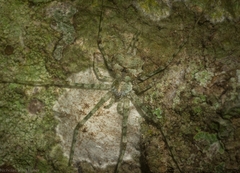 Tamopsis tweedensis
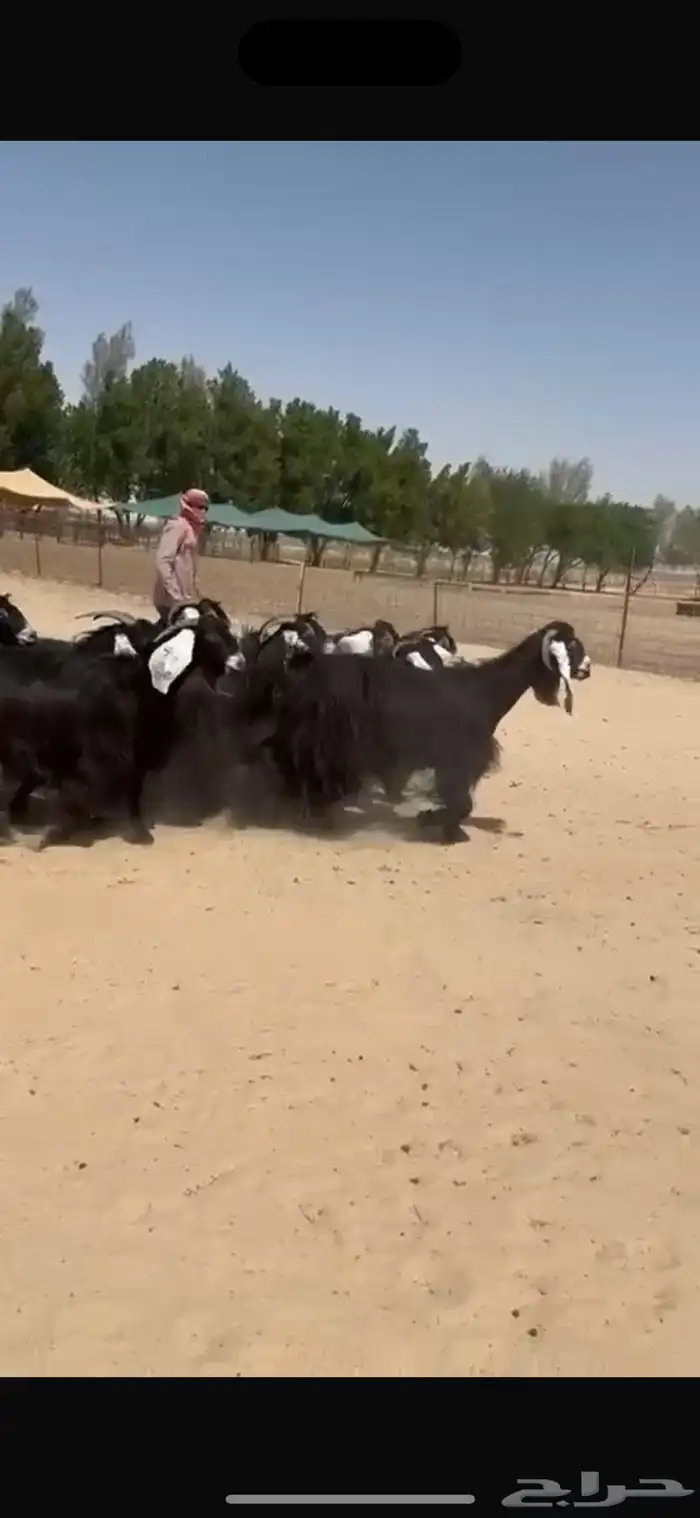 معزا عوارض دفيع شرط سونار 1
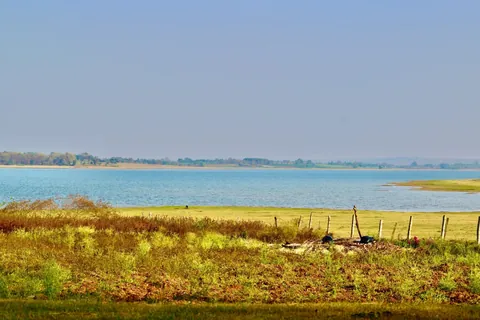 The grass shoreline of the Kabini reservoir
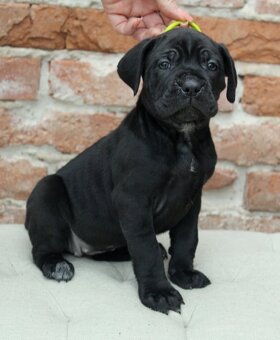 Cane corso PP šteniatka - 6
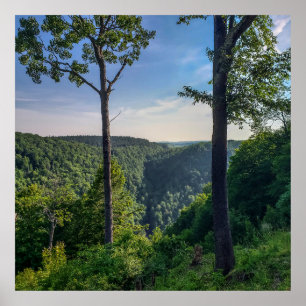 Blackwater Canyon, Blackwater Falls State Park, WV Poster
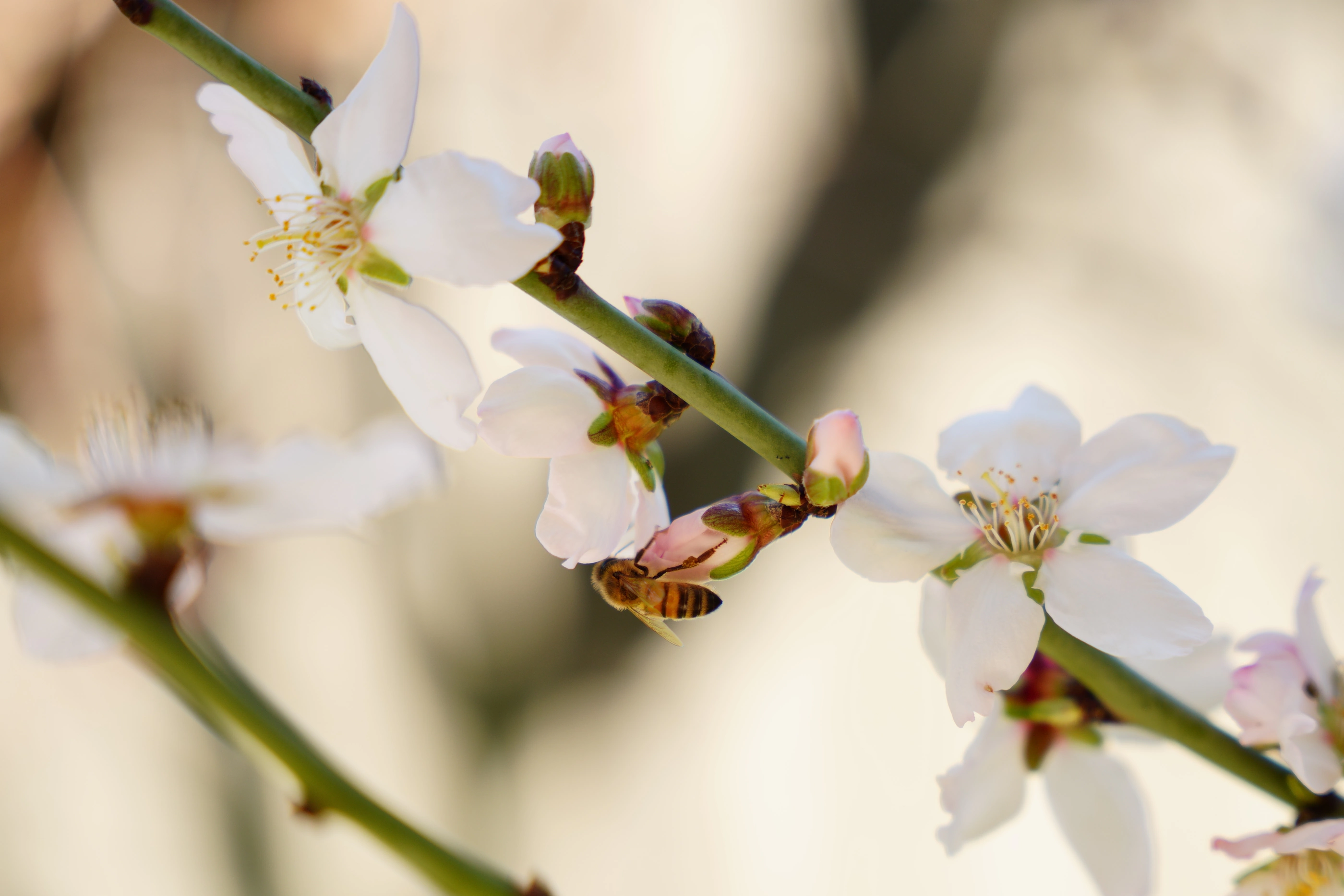 White blossoms on a slender branch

WHAT NEEDS TO BE DONE >>
Only the pictures are left behind; write out everything else in the records exactly.

SOLUTION BELOW >>
 Tamopsis tweedensis
 معزا عوارض دفيع شرط سونار 1
 The grass shoreline of the Kabini reservoir
 Cane corso PP šteniatka - 6
 Blackwater Canyon, Blackwater Falls State Park, WV Poster
 White blossoms on a slender branch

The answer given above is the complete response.